RealityAvatar: Towards Realistic Loose Clothing Modeling in Animatable 3D Gaussian Avatars
Yahui Li, Zhi Zeng, Liming Pang, Guixuan Zhang, Shuwu Zhang
TL;DR
RealityAvatar tackles the challenge of accurately modeling dynamic loose clothing on animatable 3D human avatars. It introduces a 3D Gaussian Splatting framework augmented with a motion trend module (LSTM-based temporal modeling) and a latentbone encoder (region-based pose encoding with a clothing latent code) to capture pose-dependent deformations and temporal variations. The method maps canonical Gaussians to observation space via a skinning-based transformation and renders with a differentiable Gaussian pipeline that incorporates motion cues and per-frame lighting changes. Extensive experiments on I3D-Human and ZJU-Mocap show state-of-the-art novel-view and novel-pose performance, improved temporal coherence, and better handling of non-rigid clothing dynamics, with competitive training efficiency. Overall, RealityAvatar advances high-fidelity, temporally consistent digital humans with loose clothing for applications in virtual production and realtime avatars.
Abstract
Modeling animatable human avatars from monocular or multi-view videos has been widely studied, with recent approaches leveraging neural radiance fields (NeRFs) or 3D Gaussian Splatting (3DGS) achieving impressive results in novel-view and novel-pose synthesis.
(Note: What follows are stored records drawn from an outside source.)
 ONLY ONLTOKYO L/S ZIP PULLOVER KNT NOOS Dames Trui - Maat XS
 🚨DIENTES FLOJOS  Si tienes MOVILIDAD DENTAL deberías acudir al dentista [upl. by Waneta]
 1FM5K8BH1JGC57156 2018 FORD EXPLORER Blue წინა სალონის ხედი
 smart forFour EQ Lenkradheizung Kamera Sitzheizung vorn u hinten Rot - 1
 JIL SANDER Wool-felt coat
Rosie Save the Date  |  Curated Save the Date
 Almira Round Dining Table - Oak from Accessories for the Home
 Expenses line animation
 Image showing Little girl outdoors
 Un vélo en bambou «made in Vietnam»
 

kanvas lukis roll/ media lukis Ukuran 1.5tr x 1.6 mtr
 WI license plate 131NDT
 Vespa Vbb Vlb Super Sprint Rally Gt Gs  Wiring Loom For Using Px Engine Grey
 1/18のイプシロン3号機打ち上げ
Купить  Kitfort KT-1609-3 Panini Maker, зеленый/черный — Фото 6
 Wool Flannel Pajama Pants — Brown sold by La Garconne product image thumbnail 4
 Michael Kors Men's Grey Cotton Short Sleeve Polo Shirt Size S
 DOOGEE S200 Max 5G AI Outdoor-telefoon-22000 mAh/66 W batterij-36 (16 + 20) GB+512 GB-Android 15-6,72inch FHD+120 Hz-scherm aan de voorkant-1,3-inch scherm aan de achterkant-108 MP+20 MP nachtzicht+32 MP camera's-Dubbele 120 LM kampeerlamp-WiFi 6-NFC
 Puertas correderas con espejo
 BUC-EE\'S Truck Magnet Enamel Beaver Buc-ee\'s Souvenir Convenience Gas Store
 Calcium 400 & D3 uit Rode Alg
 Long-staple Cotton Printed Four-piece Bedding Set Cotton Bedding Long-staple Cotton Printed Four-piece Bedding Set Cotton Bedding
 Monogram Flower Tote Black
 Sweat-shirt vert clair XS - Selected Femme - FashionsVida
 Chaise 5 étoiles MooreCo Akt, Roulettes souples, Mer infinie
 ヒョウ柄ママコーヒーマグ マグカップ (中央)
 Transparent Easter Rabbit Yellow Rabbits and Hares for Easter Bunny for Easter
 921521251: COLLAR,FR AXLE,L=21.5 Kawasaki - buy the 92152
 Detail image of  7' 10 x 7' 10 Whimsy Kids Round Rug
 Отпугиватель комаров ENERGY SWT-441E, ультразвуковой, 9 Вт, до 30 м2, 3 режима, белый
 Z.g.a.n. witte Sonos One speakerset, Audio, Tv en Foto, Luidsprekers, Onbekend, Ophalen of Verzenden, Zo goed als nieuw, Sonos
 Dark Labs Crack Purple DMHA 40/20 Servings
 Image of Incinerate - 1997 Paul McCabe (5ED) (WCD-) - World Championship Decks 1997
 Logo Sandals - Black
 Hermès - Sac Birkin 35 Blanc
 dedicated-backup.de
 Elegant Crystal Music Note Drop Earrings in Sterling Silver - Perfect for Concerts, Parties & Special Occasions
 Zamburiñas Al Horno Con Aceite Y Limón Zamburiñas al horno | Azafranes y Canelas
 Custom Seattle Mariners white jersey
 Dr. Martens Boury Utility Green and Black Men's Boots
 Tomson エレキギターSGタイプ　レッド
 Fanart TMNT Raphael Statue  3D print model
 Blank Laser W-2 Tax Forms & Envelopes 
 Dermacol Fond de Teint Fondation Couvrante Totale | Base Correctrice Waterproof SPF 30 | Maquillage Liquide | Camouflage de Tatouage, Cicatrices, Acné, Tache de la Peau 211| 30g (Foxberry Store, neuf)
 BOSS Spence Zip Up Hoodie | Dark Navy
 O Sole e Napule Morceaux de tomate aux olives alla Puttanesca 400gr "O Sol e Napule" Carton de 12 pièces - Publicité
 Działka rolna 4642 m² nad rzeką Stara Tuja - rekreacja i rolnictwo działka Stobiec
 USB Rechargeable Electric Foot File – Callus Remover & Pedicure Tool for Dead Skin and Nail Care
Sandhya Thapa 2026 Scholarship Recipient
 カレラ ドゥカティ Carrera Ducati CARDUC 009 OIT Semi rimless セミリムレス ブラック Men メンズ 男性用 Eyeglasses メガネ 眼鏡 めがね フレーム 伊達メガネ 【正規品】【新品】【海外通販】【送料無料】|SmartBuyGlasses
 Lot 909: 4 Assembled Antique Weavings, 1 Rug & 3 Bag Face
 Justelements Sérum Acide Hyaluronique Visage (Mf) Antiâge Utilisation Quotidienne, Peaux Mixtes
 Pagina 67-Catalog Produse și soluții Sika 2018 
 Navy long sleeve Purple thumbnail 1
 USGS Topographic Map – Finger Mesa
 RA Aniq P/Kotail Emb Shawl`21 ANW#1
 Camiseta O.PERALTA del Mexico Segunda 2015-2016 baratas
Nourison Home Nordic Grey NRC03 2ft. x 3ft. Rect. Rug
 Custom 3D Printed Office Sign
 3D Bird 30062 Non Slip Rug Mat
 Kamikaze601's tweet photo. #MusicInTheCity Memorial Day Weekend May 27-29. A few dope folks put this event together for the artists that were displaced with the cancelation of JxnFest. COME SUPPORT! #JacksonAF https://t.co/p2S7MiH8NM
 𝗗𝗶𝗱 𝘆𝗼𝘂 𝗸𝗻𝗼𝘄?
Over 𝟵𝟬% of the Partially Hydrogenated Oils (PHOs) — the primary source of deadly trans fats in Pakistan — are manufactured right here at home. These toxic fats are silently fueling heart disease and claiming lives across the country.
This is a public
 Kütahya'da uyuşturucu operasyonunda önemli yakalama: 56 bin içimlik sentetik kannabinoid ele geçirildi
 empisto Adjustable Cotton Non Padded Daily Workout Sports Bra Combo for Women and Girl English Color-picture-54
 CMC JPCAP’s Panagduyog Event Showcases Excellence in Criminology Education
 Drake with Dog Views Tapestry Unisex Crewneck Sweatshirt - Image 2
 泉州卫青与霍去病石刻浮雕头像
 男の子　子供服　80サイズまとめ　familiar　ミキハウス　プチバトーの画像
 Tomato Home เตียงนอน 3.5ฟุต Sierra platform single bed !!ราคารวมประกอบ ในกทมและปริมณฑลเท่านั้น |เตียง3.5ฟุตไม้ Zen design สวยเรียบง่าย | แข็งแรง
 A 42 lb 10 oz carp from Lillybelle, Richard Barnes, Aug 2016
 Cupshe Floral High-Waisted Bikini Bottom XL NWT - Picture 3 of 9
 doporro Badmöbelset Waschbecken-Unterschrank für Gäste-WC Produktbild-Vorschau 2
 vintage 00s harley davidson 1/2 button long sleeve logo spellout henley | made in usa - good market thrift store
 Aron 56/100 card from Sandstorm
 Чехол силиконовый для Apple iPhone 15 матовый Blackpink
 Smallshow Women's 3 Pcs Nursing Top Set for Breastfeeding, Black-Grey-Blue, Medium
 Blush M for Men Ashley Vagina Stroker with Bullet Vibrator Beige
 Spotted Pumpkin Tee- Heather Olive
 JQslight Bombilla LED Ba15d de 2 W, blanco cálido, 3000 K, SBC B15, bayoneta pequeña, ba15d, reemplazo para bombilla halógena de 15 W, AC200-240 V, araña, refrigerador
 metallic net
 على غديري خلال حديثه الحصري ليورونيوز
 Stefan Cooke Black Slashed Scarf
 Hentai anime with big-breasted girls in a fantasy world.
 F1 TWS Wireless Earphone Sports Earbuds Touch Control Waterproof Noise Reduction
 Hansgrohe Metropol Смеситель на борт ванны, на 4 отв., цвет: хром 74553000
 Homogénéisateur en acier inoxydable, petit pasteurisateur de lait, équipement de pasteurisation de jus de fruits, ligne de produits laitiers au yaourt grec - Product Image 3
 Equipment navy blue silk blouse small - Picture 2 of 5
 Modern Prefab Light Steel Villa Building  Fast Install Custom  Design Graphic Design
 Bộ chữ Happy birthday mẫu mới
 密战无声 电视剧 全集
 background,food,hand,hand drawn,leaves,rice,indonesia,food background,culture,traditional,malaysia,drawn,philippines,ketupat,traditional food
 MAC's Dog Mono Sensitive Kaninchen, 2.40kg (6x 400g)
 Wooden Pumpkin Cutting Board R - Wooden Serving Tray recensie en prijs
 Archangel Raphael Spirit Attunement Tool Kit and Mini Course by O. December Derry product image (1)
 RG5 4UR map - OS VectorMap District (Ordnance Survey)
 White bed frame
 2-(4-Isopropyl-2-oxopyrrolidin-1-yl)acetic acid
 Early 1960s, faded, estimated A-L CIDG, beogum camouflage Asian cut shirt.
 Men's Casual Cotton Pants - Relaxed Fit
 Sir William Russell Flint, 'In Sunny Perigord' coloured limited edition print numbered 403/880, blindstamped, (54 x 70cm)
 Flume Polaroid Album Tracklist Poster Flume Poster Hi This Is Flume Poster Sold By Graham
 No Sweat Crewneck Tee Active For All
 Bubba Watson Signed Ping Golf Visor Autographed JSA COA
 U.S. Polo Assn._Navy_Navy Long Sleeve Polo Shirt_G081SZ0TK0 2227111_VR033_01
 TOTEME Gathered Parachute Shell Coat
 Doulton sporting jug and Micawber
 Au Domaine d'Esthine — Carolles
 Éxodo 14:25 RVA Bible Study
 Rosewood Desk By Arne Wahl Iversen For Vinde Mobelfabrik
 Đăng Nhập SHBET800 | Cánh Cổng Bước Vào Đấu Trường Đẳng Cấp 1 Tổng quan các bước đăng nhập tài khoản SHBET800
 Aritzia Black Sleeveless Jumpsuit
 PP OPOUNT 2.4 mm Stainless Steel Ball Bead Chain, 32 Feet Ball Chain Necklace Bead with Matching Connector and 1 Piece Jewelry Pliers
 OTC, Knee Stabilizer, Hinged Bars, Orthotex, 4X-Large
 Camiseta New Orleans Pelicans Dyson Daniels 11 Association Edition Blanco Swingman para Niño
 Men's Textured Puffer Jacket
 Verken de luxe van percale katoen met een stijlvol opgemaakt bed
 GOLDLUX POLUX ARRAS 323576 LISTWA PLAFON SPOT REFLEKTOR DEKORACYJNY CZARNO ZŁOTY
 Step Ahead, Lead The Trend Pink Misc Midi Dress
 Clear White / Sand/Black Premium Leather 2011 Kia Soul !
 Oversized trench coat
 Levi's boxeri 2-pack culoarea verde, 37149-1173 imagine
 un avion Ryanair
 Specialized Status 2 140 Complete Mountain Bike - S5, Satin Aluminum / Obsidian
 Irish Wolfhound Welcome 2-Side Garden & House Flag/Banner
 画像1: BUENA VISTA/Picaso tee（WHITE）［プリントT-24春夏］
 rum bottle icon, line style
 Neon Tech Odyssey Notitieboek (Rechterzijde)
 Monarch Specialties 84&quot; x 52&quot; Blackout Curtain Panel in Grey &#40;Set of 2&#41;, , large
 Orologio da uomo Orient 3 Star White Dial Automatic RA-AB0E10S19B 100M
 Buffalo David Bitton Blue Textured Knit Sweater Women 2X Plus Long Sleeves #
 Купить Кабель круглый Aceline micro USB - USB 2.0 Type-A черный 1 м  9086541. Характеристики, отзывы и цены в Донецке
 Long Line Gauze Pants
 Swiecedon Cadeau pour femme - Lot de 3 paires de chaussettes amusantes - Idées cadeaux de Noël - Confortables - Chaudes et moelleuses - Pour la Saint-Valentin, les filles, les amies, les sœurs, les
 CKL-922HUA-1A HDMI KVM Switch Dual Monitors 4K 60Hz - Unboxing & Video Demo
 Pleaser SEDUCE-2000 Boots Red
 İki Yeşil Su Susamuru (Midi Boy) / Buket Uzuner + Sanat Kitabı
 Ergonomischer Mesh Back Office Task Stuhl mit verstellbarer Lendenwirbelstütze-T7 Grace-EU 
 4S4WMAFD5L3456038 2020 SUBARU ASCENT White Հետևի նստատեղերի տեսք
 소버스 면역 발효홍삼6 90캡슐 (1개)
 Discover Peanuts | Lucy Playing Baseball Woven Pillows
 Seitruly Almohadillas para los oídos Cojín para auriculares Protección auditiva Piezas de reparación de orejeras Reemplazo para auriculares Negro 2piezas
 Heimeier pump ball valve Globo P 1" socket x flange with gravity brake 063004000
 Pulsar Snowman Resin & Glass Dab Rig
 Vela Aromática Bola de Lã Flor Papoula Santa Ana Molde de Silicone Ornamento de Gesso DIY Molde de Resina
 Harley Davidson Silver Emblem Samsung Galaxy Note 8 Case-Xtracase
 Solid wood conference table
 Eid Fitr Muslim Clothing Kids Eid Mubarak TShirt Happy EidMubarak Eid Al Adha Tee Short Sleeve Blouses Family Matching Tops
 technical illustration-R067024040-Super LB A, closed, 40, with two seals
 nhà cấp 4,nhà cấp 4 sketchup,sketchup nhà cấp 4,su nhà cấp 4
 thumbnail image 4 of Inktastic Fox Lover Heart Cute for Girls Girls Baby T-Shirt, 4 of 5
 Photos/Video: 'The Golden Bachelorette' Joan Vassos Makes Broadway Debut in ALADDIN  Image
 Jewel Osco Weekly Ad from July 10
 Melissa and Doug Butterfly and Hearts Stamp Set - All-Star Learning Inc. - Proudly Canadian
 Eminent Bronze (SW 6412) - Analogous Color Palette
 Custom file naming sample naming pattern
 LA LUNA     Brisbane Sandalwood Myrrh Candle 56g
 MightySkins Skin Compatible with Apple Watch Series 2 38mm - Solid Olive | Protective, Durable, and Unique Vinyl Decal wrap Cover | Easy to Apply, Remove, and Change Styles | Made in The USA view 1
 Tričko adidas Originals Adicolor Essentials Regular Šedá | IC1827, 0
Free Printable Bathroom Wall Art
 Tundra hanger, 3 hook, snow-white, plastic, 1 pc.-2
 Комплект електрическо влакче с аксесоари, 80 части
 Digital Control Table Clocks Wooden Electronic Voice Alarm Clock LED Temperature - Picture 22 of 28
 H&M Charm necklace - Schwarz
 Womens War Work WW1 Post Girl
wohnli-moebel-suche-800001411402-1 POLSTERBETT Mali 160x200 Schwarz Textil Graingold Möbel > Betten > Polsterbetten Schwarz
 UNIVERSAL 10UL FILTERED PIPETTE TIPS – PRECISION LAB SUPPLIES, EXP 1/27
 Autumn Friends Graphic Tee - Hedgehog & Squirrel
However, existing methods often struggle to accurately capture the dynamics of loose clothing, as they primarily rely on global pose conditioning or static per-frame representations, leading to oversmoothing and temporal inconsistencies in non-rigid regions. To address this, We propose RealityAvatar, an efficient framework for high-fidelity digital human modeling, specifically targeting loosely dressed avatars. Our method leverages 3D Gaussian Splatting to capture complex clothing deformations and motion dynamics while ensuring geometric consistency. By incorporating a motion trend module and a latentbone encoder, we explicitly model pose-dependent deformations and temporal variations in clothing behavior. Extensive experiments on benchmark datasets demonstrate the effectiveness of our approach in capturing fine-grained clothing deformations and motion-driven shape variations. Our method significantly enhances structural fidelity and perceptual quality in dynamic human reconstruction, particularly in non-rigid regions, while achieving better consistency across temporal frames.